Change could block families from hospitality
Bharat Patel, AAHOA chair from 2023 to 2024, said the change could block entire families from the hotel and hospitality industries.
“What if you have a hotel owner operator whose cousin, uncle or someone else wants to get in the business but only has a green card, because either he's not a citizen yet, or he chose not to become a citizen because number of reasons?” Bharat said.
Bharat said many immigrants keep foreign citizenship for personal or family reasons, even after decades in the U.S.
“In India, for example, there's been 11 generations there on a family’s piece of land,” he said. “Some may not want to be the last person to give it up.”
He stressed that the SBA guarantees private loans rather than lending directly and argued that restricting green card holders undermines job creation and private lending.
“I get the principle of America should lend to Americans, but what I'm saying is, with permanent residents, we're not giving money to undocumented workers,” he said. “We're giving money to permanent residents.

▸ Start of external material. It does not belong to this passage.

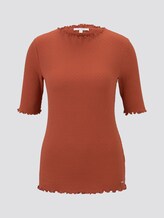 T-Shirt mit Lochmuster - Frauen - fox orange T-Shirt mit Lochmuster - Frauen - fox orange - 7 - TOM TAILOR Denim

We're not giving money to people who got off a boat in Cuba, they have temporary authorization to live in America or to work in America.”
Meanwhile, U.S. Citizenship and Immigration Services data show India was the second-largest source of green card recipients in fiscal year 2024. A 2022 report by the National Foundation for American Policy found Indian American-owned companies generate $150 billion in revenue and employ more than 800,000 people nationwide.
“Take a typical AAHOA member he's a citizen and he wants to get other family members into the business. Guess what they're doing? They're assimilating to society and they're creating jobs, but they're a permanent resident, whether by choice or because of time frame,” Bharat said. “They can't even put up their life savings and become a stakeholder in a motel so that now they have ownership in the motel. How do you succeed in the motel business? You're stopping them from creating the American dream.”
Systemic issues worsen the impact
Mike Patel highlighted systemic issues that compound the problem.
“Construction costs are rising and the SBA’s $5 million lending cap limits many projects,” he said. “Biggest gripe is construction costs. The SBA limit of $5 million is not enough. Needs to be more like $10 million.”
He said legislation to raise the cap is still pending. Banks have grown cautious due to rising defaults on hotel and commercial real estate loans, he said, citing the TRP report, further limiting access to capital.
“I don't think the government wants to move on the SBA, for some reason, as aggressively as the Democrats were and giving latitude so people can get in their own business,” Mike Patel said. “You also have women who want to step down and retire and buy a beauty shop or a small business but they can't even do that right now. Banks are very cautious right now.”
Bharat warned the new restrictions could encourage lenders to refuse to finance green card holders.
“What if the bank goes, ‘Wait a minute, we have a lot of permanent residents that own a lot of businesses, so let's not renew [their loans],’” he said. “SBA creates those tactics. Once they move and they change those rules, it impacts private sector lending. When that does that, what happens? Money runs underground. So, if I was Hilton or Marriott, I would be yelling bloody murder.”
For many Indian American entrepreneurs, he said, the American dream is not just about earning a living—it’s about building a family business and creating generational wealth.
“For a lot of Indian American entrepreneurs, the American dream is to set up a house with a white picket fence,” Bharat said. “It is owning your own business.”
AAHOA did not return a request for comment on the new SBA restriction in time for this article.